#### The data

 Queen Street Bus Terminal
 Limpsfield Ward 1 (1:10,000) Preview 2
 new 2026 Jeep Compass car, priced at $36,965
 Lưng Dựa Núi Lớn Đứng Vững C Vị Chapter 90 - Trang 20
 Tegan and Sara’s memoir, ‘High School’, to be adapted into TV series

* * *

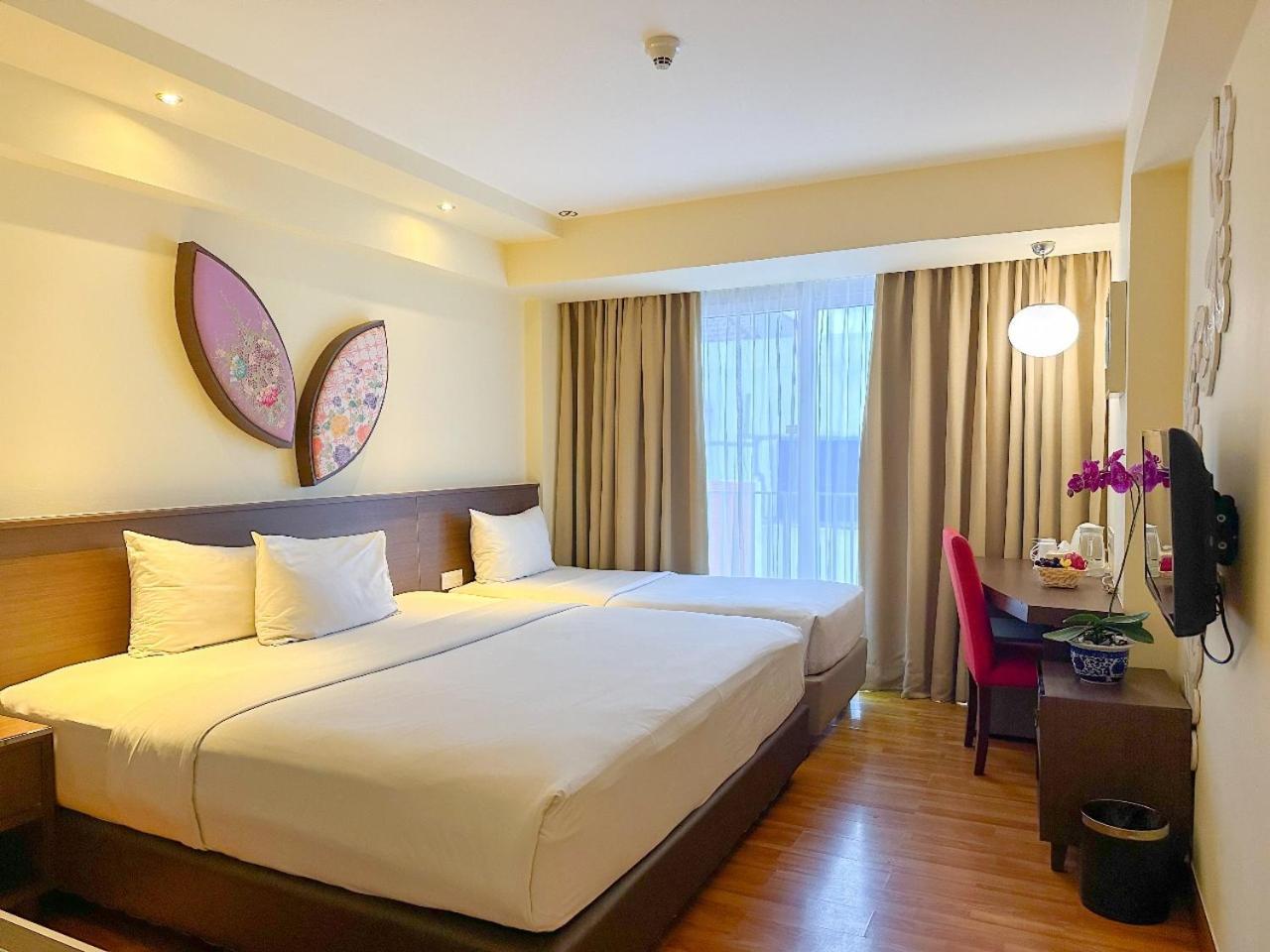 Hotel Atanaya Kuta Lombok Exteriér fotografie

#### Problem details
Starting at the line with "Queen Street Bus Terminal" and ending at the line with "Tegan and Sara’s", print each line of the listing above exactly, with no other lines.

#### Exercise solution
 Queen Street Bus Terminal
 Limpsfield Ward 1 (1:10,000) Preview 2
 new 2026 Jeep Compass car, priced at $36,965
 Lưng Dựa Núi Lớn Đứng Vững C Vị Chapter 90 - Trang 20
 Tegan and Sara’s memoir, ‘High School’, to be adapted into TV series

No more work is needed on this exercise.